In 1983 the world came within a whisker of nuclear Armageddon when Soviet satellite photos mistakenly revealed NATO missiles in the sky. Only the impulsive refusal of Russian officer Stanislav Petrov to believe his eyes prevented mutually assured destruction being set in train. Now a US president threatens to “totally destroy” another nuclear-armed country – with twenty-five million inhabitants – using the same technology. Evisceration by mistake or design, it hardly matters to the millions of people and other life forms caught in the conflagration. It just takes one fat finger to push the button, or for that matter to pull the trigger on conventional weapons widely available to citizens of the dominant superpower.

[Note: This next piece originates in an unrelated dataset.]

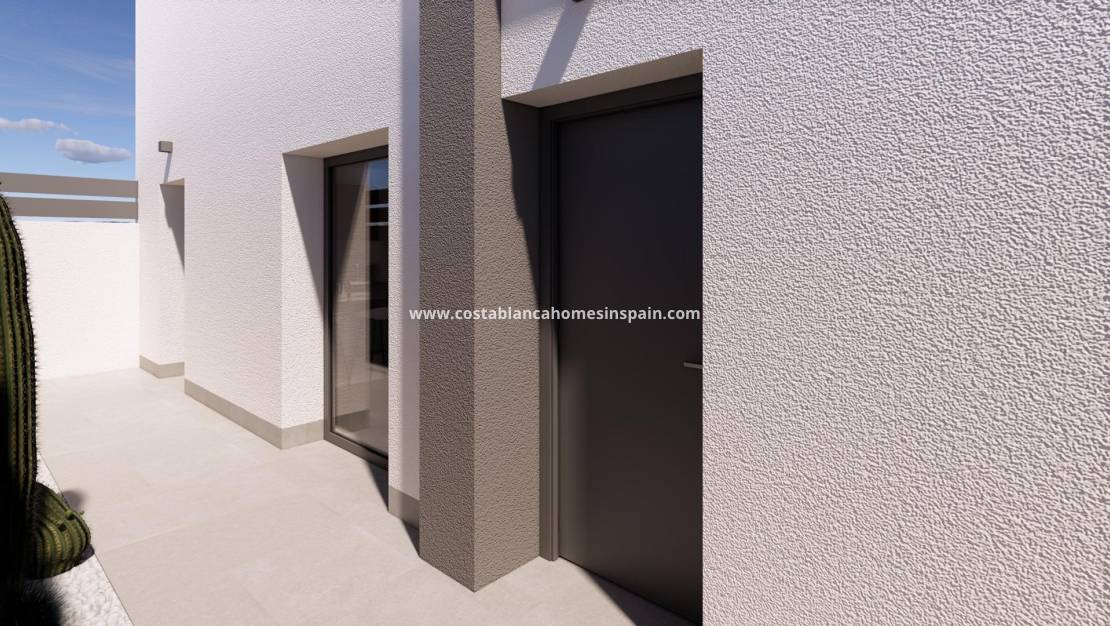 Nouvelle construction -  - Benijófar - Pueblo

Armed with such weapons, it is hard to rebut Carl Jung’s charge that modern man is a “technological savage”. He believed this stemmed from denial of a primitive or primordial self, previously expressed in religious rituals and popular rites. Instead the intellectual zeitgeist is an ideal of infinite progress that permits rapid digestion of the planet, with scientists often oblivious to the consequences of their innovations. Homo sapiens has long displayed destructive tendencies and, armed with our latest tools, we wreak unprecedented environmental havoc while mistakenly assuming that technological advances improve our collective decision-making. How we chart a course for humanity requires different lenses, as Yuval Noah Hariri points out in Sapiens: A Brief History of Humankind: “by definition it [science] has no pretensions to knowing what should be in future. Only religions and ideologies seek to answer such questions.” Science must be reconciled to these objectives.

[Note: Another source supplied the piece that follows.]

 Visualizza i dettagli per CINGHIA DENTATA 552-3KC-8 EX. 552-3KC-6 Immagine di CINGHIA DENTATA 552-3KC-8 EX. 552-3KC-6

Nuclear proliferation after World War II raised the stakes to such a degree that nuclear powers have not waged war with one another since Japan was bombed into submission in 1945. Instead, we saw proxy conflicts from Greece to Afghanistan throughout the Cold War, and further peripheral engagements since the fall of the Soviet empire, but none between members of the nuclear “club”, or their allies. No wonder the leader of a “rogue” state should wish to join the top table, having witnessed the grizzly fate of other ruling regimes previously stigmatised. But if we are to take the hectoring “leader of the free world” at his word, even nuclear capability may no longer confer immunity.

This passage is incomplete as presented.